There
is no Moore's Law for batteries, but that doesn't mean
you can't apply the same advances that have yielded increasingly
powerful computer chips to the problem of powering those
chips. This month, Marc Madou, a microelectromechanical
systems expert at the University of California, Irvine,
and his collaborators plan to demonstrate powerful chip-scale
batteries made using techniques borrowed largely from semiconductor
manufacturing. The inventors say the resulting microbatteries,
capable of delivering an intense burst of electricity or
a steady flow of relatively low current, would be suitable
for many applications, including sensors, cellphones, hearing
aids, and cardiac defibrillators. "You could use it for
all types of tiny electronic gadgets," Madou says.
Batteries
generate electricity through a chemical reaction in which
an electrolyte ferries ions between a pair of electrodes:
the positively charged anode and the negatively charged
cathode. The amount of current generated depends on how
much of the chemical reaction takes place—which depends
on both the surface area of the electrodes and the volume
of the battery's electrolyte. The more surface area there
is, the more current can be generated within the same volume.
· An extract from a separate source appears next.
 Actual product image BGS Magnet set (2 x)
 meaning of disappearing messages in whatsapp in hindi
That presents a fundamental challenge for small batteries,
which have neither expansive electrodes nor large volumes
of electrolyte.
Microbattery
designers typically try to work around limitations on current
by interleaving two stacks of thin, platelike electrodes.
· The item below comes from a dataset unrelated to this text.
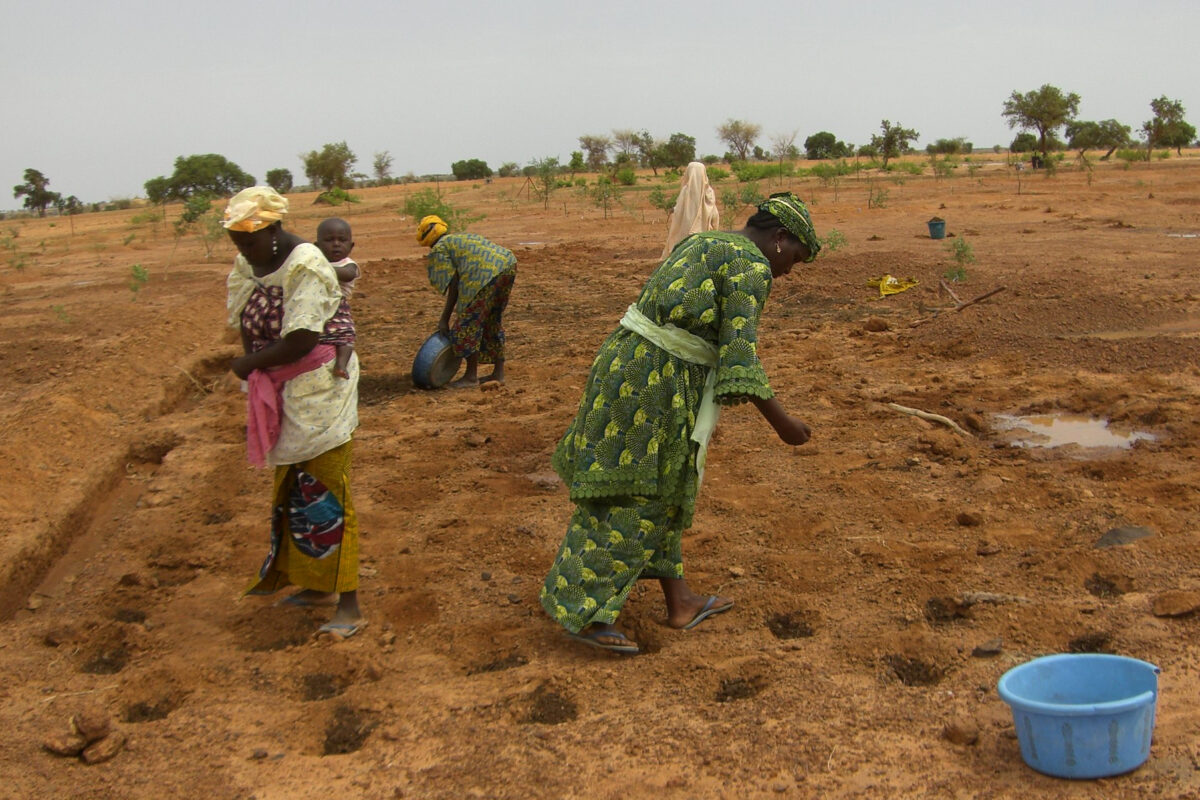 Plantation de gombos dans des fosses à zaï. Image de Alina via Flickr (CC BY-NC 2.0)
That increases surface area and makes intense bursts of
current possible. But because of the low volume of the
electrolyte, the microbatteries still can't store much
energy.
Madou
and collaborator Chunlei Wang say they have improved current
flow even further and made room for more electrolyte by
designing a unique electrode made out of carbon that looks
like a bed of blunted nails [see photo, "Pillars of Power"]. The nails in this case
are 400 micrometers tall, with 20-µm gaps in between. Each
alternating row comprises anodes, followed by a row of cathodes. Because
the electrolyte can get in between the prongs, there is a huge increase
in surface area. And putting the anodes and cathodes in close proximity
means the ions in the electrolyte do not have to travel far. It is the
microscale equivalent of raising the speed limit on a highway and
widening it to 10 lanes. According to the researchers, a battery using such an electrode
can generate 78 percent more power than a stacked-plate microbattery of
the same volume.
To make
the carbon posts for the electrodes, the team used high-aspect-ratio
photolithography techniques that allowed them to build
tiny towers of plastic. They then heated the plastic spikes
to about 540 ºC until only the plastic's carbon remained.
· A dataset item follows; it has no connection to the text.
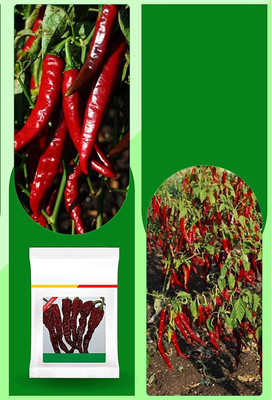 WILLVINE SCI -X Dabbi byadgi chilli | Kashmiri chilli | Red chilli[1gm, 200 Seeds] Seed(200 per packet)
Next Madou and his team attached leads to each point on
the "bed of nails," yielding a never-before-seen capability:
control over groups of electrodes that can be turned on
or off separately, allowing a single battery to produce
a wide range of voltages and currents.
The
team plans to present a completed carbon-pillar electrode
battery—whose energy storage they estimate will be
roughly 360 kiloamperes per cubic meter—this month
at the 206th meeting of the Electrochemical Society in
Honolulu. Compared with the smallest commercial batteries
such as those used in pacemakers, the 1-by-1-by-0.3-millimeter
microbattery they're developing should deliver three to
five times as much energy per unit volume.